Mendidik Dengan Kasih Sayang

       Oleh : Yulias Fita Ari Antika, S.Pd.
Hari itu, panggil saja Ustadzah Maryam mulai mengajar di kelas yang baru, kelas 1. Dengan penuh semangat beliau masuk kelas. Mengucapkan salam namun sebagian kecil saja yang menjawab, sisanya bagaimana? Sudah dipastikan mereka asyik dengan dirinya atau bermain dengan temannya. Untuk kedua kalinya Ustadzah Maryam mengucap salam, dan hasilnya sama. Pun ketika pelajaran, banyak murid yang tidak fokus memperhatikan dan hanya bermain atau melamun.

Kisah di atas merupakan salah satu dari sekian banyak kisah murid-murid yang begitu ‘istimewa’. Tak jarang juga murid yang tidak mau mengikuti pelajaran dan ingin pulang. Mereka tidak mau sekolah dengan berbagai alasan.

Di sini sisi keibuan seorang perempuan sangat dibutuhkan. Bagaimana tidak, murid yang seperti ini tidak bisa dengan kekerasan. Kekerasan hanya akan menyisakan luka yang membekas di hati mereka. Meski tak jarang kelembutan juga tak mempan.

Setiap anak memiliki kelebihan dan kekurangan masing-masing. Tugas kita sebagai orangtuanya di sekolah adalah mendidiknya untuk menjadi semakin baik dengan berbagai potensi mereka. Membimbing mereka untuk semakin taat pada Rabbnya dengan ilmu yang telah dipelajari, untuk semakin mengerti tugas dan kewajiban sebagai seorang muslim dan murid di sekolah, untuk mengajak mereka terus berproses menjadi lebih baik.

Anak ibarat kertas yang bisa ditoreh dengan warna dan tulisan apapun, mereka bisa menjadi baik atau buruk dengan lingkungan dan kondisi yang ada. Maka ciptakan lingkungan di kelas lingkungan yang baik dan kondusif.

Ketika menemukan murid yang ‘istimewa’ lantas kita marah dan meneriaki mereka mungkin mereka akan diam dan memperhatikan, mau sekolah dan mengikuti pelajaran, namun itu bertahan tidak lama. Setelahnya mereka akan kembali ramai seperti biasa atau mogok sekolah lagi. Daripada marah, tegas lebih diperlukan. Tegas namun lembut.

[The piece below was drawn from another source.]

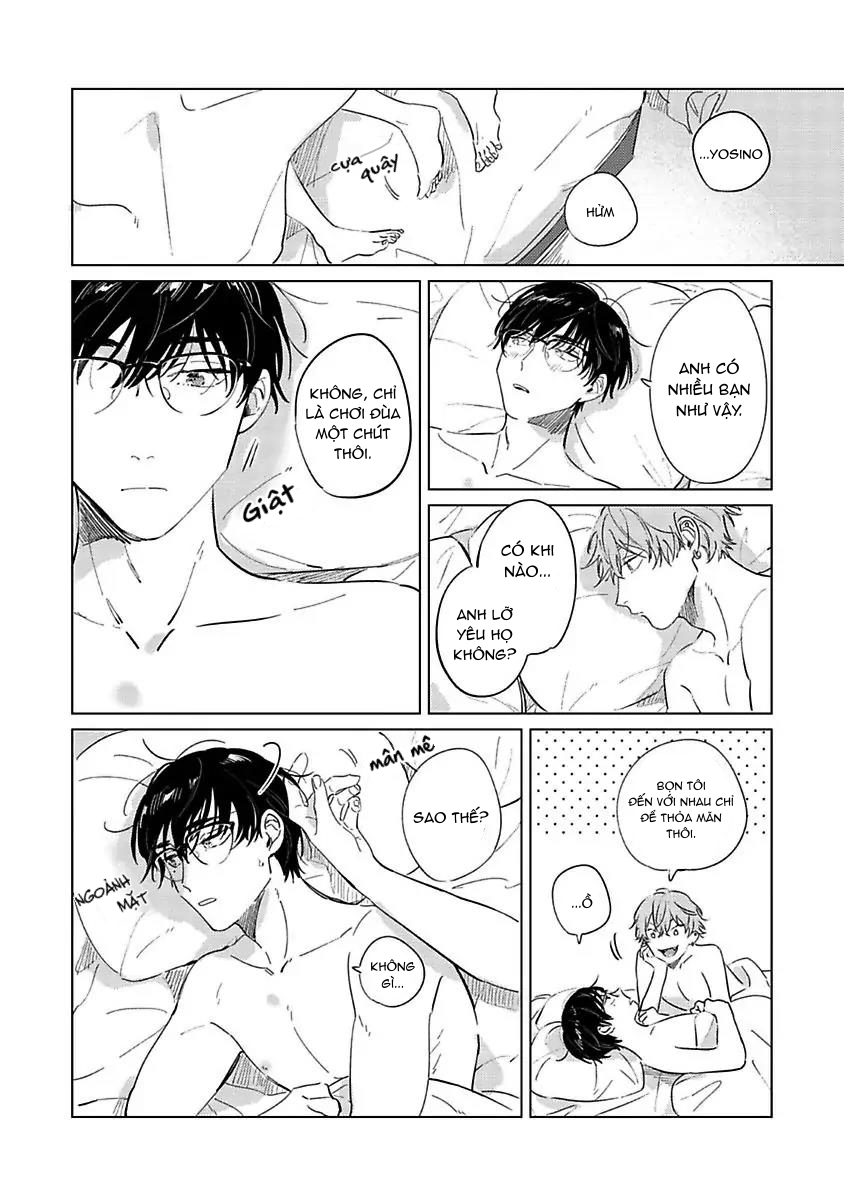 bước tiến tình yêu vụng về của hetakuso chapter 4 26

Mendidik dengan kasih sayang dan kelembutan sangat diperlukan. Meski emosi sudah memuncak dan ingin rasanya melampiaskan kepada mereka sesungguhnya itu tidak ada gunanya. Hanya membuat mereka akan mengecap kita sebagai guru pemarah.

Ajak mereka untuk duduk dan memperhatikan dengan baik-baik, dengan lembut dan sentuhan. Saat mengajak mereka untuk memperhatikan pelajaran cobalah untuk menatap matanya. Tatap dengan tajam namun penuh kasih. Tatap tepat dikedua bola matanya. Ketika dengan tatapan belum mempan maka sentuh mereka. Sentuh tangan dan usap dengan halus, sembari mengulangi perintah kita untuk memperhatikan pelajaran.

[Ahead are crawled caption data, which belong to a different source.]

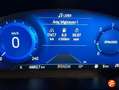 Ford Kuga 1.5 EcoBlue ST-Line FWD 120 Aut. Gris - thumbnail 11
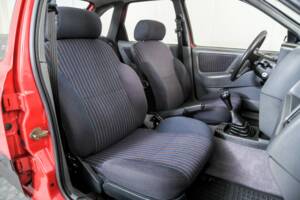 Afbeelding 16/50 van Ford Sierra 2.0 S (1987)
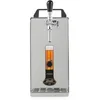 Image de Tireuse à bière PYGMY 25/K 1 voie 35L/h acier inox Green Line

Dan jika ternyata masih belum mempan, maka hanya ada satu kata, sabar. Karena tanpa sabar akan mudah sekali lisan ini mengeluarkan kalimat-kalimat pedas, tanpa sabar akan mudah diri ini emosi dan langsung melampiaskan kepada murid dan tanpa sabar pula hanya lelah yang akan kita dapat setiap harinya.

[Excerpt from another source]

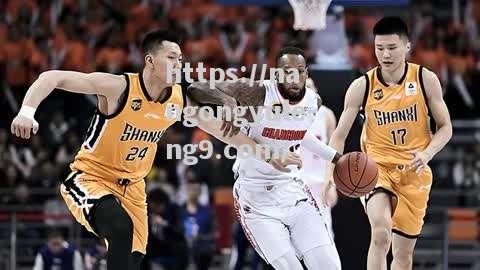 广东宏远继续高居榜首，击败浙江稠州，取得九连胜_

Berikan kasih sayang terbaik untuk mereka. Sesuatu yang diberikan dengan hati insyaAllah akan diterima dengan hati. Kelak, bisa jadi merekalah yang akan menarik tangan kita ke jannah-Nya. Selalu didik mereka dengan maksimal.

Jangan lupakan pula untuk terus mendoakan mereka. Di setiap shalat 5 (lima) waktu kita atau pun shalat malam kita. Berikan doa tulus dan terbaik untuk mereka. Selain terus mendoakan mereka, pun kita sebagai guru juga harus terus memperbaiki ibadah dan menambah ilmu.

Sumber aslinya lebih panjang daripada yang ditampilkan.